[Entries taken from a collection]
++++++++++

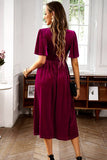 Veludo V-neck Uma linha de vestido de festa de férias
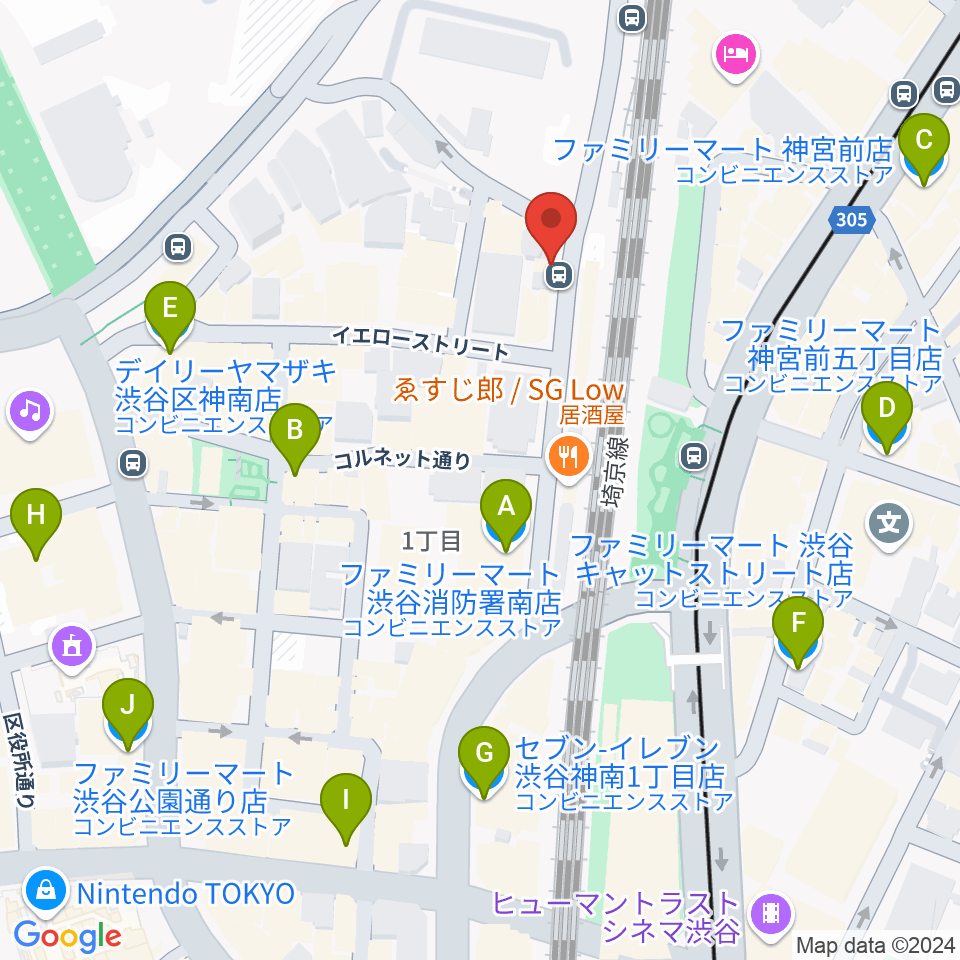 Nancy渋谷周辺のコンビニエンスストア一覧地図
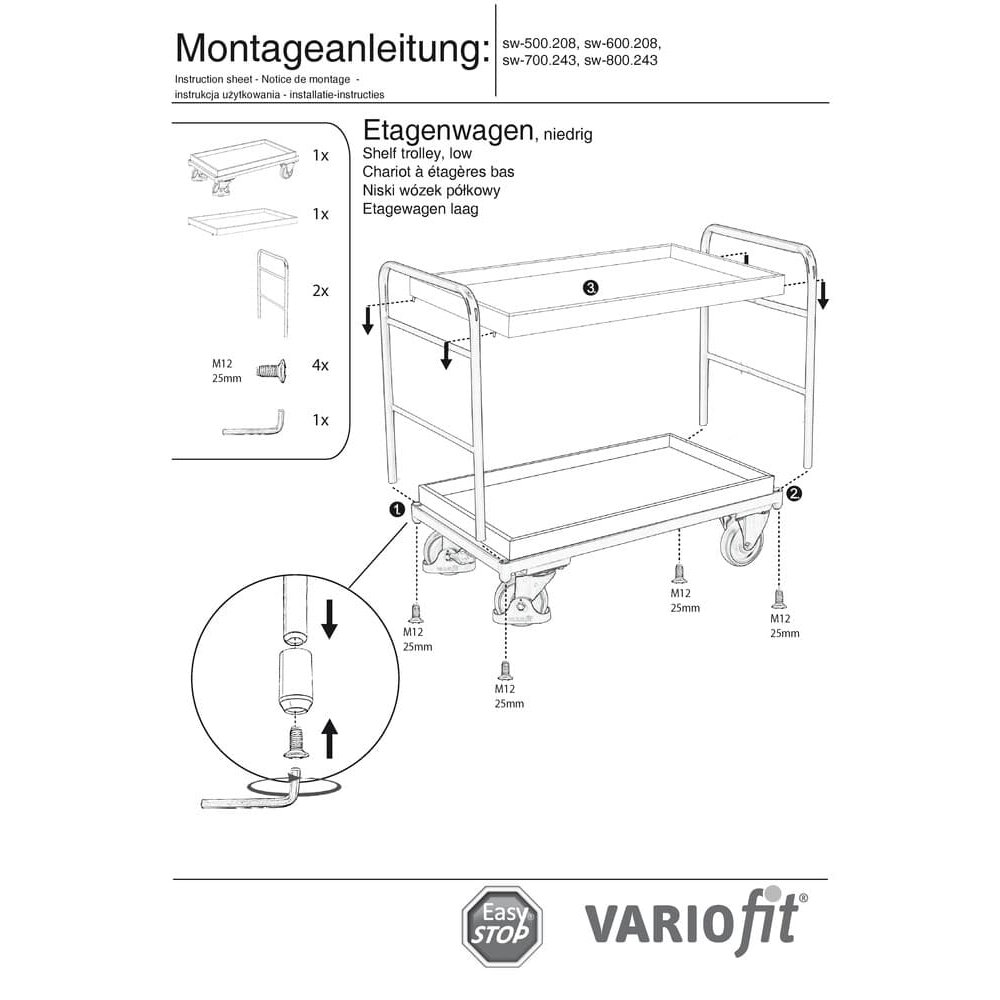 Kõrge riiulikäru 5 riiuliga 250 kg kandevõime Tüüp XL + EasySTOP-1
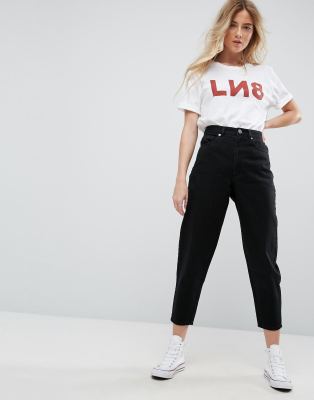 ASOS Balloon Leg Jeans in Washed Black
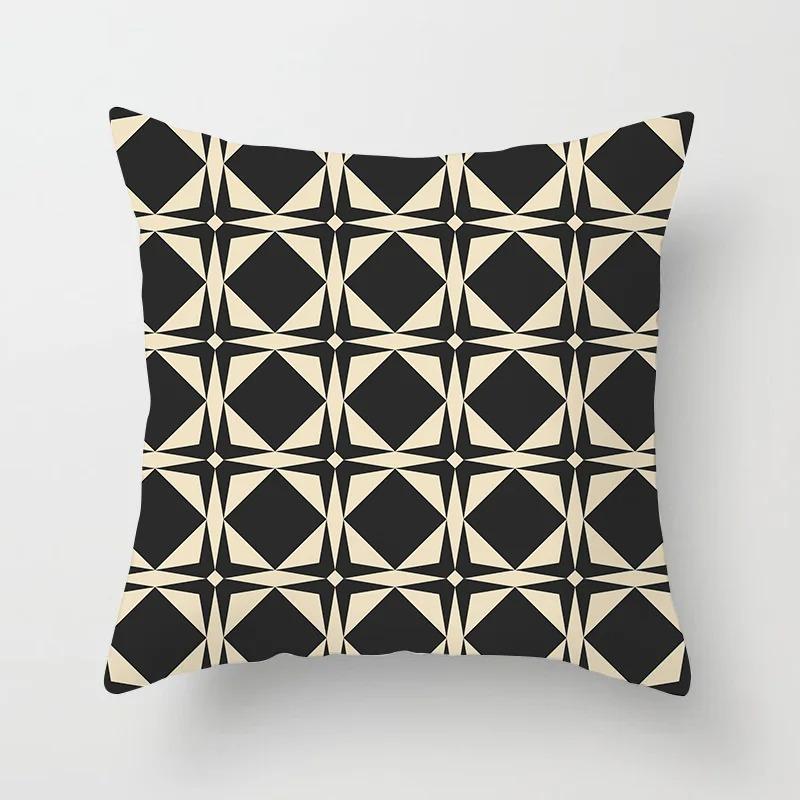 Office Living Room Home Pillowcase Car Ornaments Geometric Black and White Pattern Pillowcase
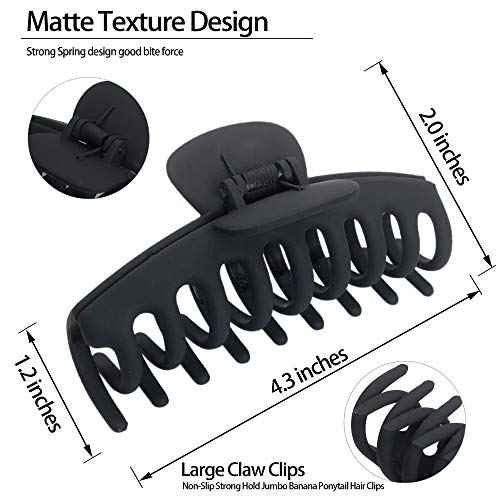 OWIIZI Large Hair Claw Clips for Women 4.3" Matte Leopard Jumbo Hair Clips Non-Slip Ponytail Barrette Strong Hold Claw Clips for Girls Long Thick Hair (4Packs)
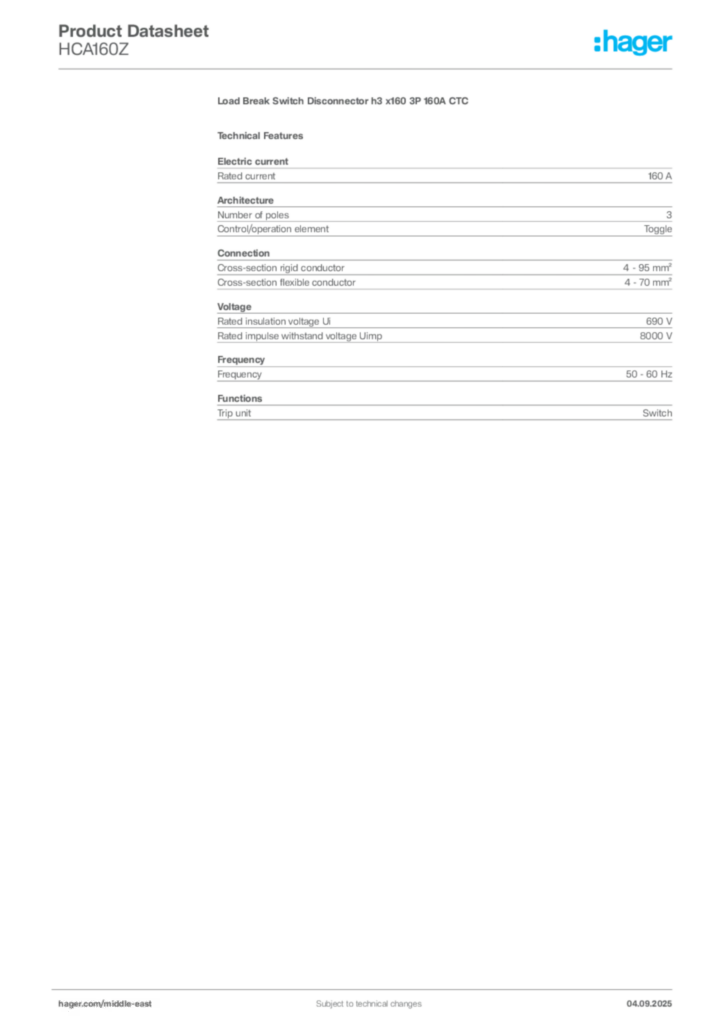 Image Hager Product data sheet HCA160Z  | Hager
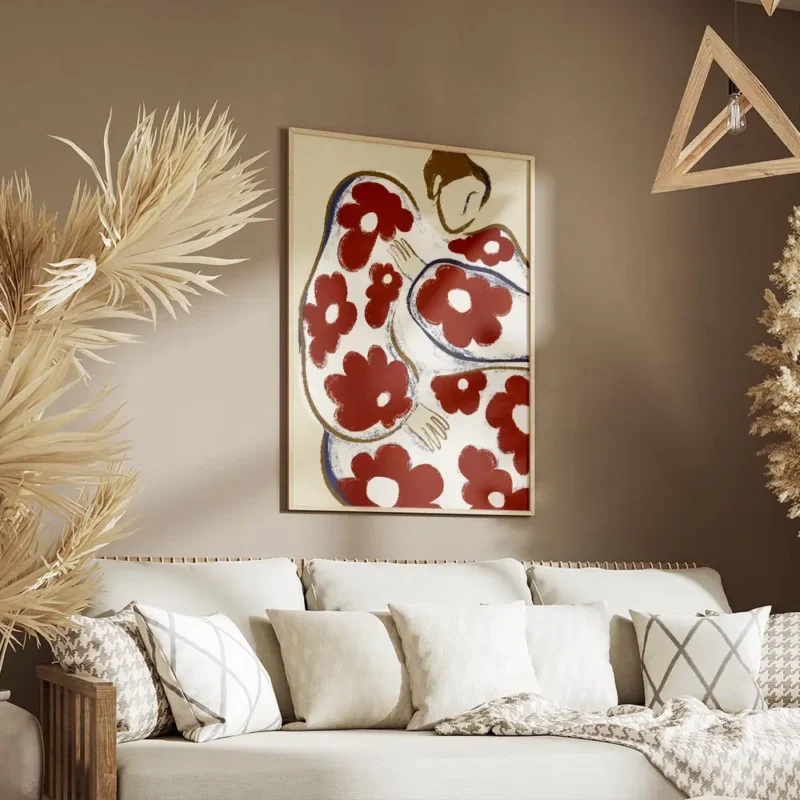 affiche abstraite dune personne aux formes arrondies et aux motifs de fleurs rou salon.webp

++++++++++

**Exercise brief**
The result should be a verbatim copy of the data, free of pictures.

**Solution to this task**
 Veludo V-neck Uma linha de vestido de festa de férias
 Nancy渋谷周辺のコンビニエンスストア一覧地図
 Kõrge riiulikäru 5 riiuliga 250 kg kandevõime Tüüp XL + EasySTOP-1
 ASOS Balloon Leg Jeans in Washed Black
 Office Living Room Home Pillowcase Car Ornaments Geometric Black and White Pattern Pillowcase
 OWIIZI Large Hair Claw Clips for Women 4.3" Matte Leopard Jumbo Hair Clips Non-Slip Ponytail Barrette Strong Hold Claw Clips for Girls Long Thick Hair (4Packs)
 Image Hager Product data sheet HCA160Z  | Hager
 affiche abstraite dune personne aux formes arrondies et aux motifs de fleurs rou salon.webp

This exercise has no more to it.